The life and happenings of an unconventional pastor and urban farmer living in the city with a family of five.

Thursday, July 27, 2006

Naming Grace

I and the Open Door have been thinking a lot about God's work in the world. Thanks to one of my professors at PTS, Dr. Andrew Purvis, I've developed a really strong understanding of Christ's work in the world. I've learned to stop thinking of my own acts of kindness and care for people as the work of Christ and think of them more as my own actions which join Christ in the work that he is already doing in people's lives. I am not the barer of Christ, but the witness to Christ's action. So, the question that is now floating around in my head, thanks to my new friend Melvin (see a link to his blog below) is, when do we take action in naming the work of Christ in people's lives? Karl Barth says that the Word of God is active throughout the culture, even apart from the church. God is revealing grace to people through creation, through acts of love, kindness, mercy, and justice.

Dr. Purvis has taught us to first of all bear witness to what Jesus/God/The Holy Spirit is doing. This means we point toward the goodness of God's work. Then we must interpret God's work in the world. Sometimes just pointing toward Christ is not enough, we have to interpret. And the third thing we do is symbolic action (I like this part). We take part in Christ's work by acting ourselves. This might include anointing a sick person with oil as in traditional pastoral care, or it might include buying a meal for a homeless person.

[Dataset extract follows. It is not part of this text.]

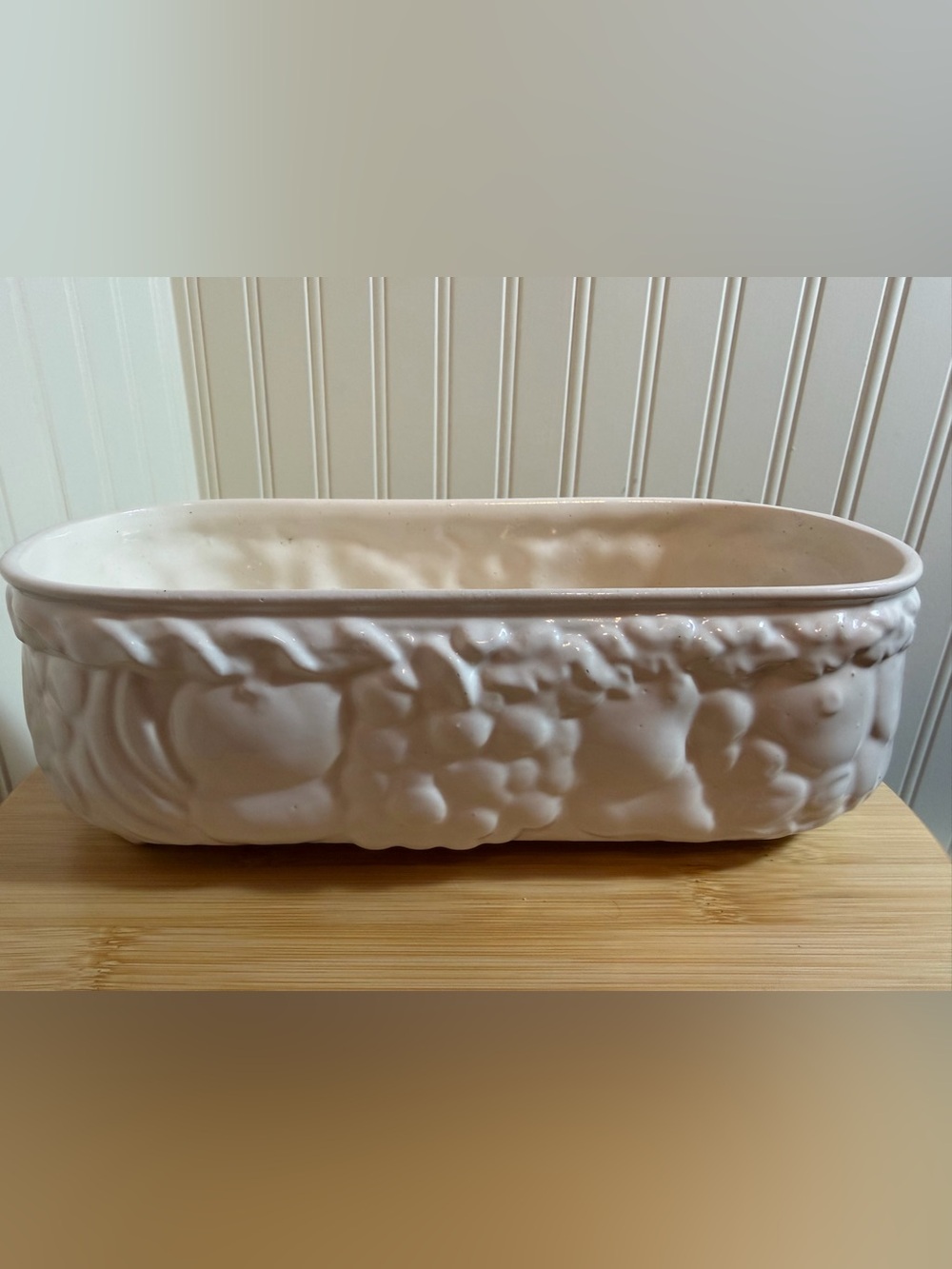 Vintage Mid-Century Modern White Fruit Embossed Rectangular Planter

Now, I want to suggest that Dr. Purvis' order of bearing witness, interpretation and symbolic action, when done in a missional/not-yet-Christian context, should be done in reverse order. In a missional context we must start out by doing symbolic action, then move to interpretation of both that symbolic action and of the work that Jesus is doing in and through people's lives. The question floating around for me is how long should we act symbolically before naming Christ as the barer of grace. I'm convinced that the purpose of mission is not fulfilled if we do not at some point make an attempt to name grace as Jesus Christ, but I think it may at times take years to do that. On the other hand I don't think we need to be scared to name grace. It's different than evangelizing, naming grace is non-threatening to people. My co-worker, BJ Woodworth, often names grace with his not-yet Christian friends, simply by pointing toward the good things in and around their lives and saying things like, "Jesus is at work in you". It's an acknowledgment that Jesus is already at work in someone, before they "accept him." Naming grace means we take the work out of our hands and the hands of the not-yet-Christian, and simply point toward the one who we believe is doing the real and important work, Jesus.

What do you think? Can we, in this post-Christian culture, do mission/symbolic action, without bearing witness?

5 comments:

Sarah Louise said...

Sounds like a good idea, as long as we are bearing witness.

Brian said...

Hi John -

Interesting thoughts. I think the core process remains the same as what Purves taught us - discerning where Jesus Christ is at work in a person's life is the starting point. I see your point about acting in symbolic action before interpreting but, as you point out, sometimes this last piece can get left out simply because it's the hardest part and how do you know when to say it.

Newbigin points out that Jesus, throughout the Gospels, always helps people interpret what he is doing with words. For Jesus, there was seldom a time when he did something and didn't use words to help the people around him understand what was going on.

I think the question that we need to wrestle with is not "when do we speak" but "how do we speak"? I think the challenge is to find a way to help people interpret what is going on in their lives. This comes back to Puves' model though - what is the Word of the Lord for a particular person or community in a given time?

Russell Smith said...

Great post -- Interpreting Christ is indeed the hardest part -- often because of the associations with pushy evangelism. And yet, that is a part of our calling as Disciples of Christ -- to name the good work that He's doing. Thanks for this thoughtful post.
Russell

phred said...

excellent blog and great idea.

phred said...

Finally work for Christ where we step out of the way!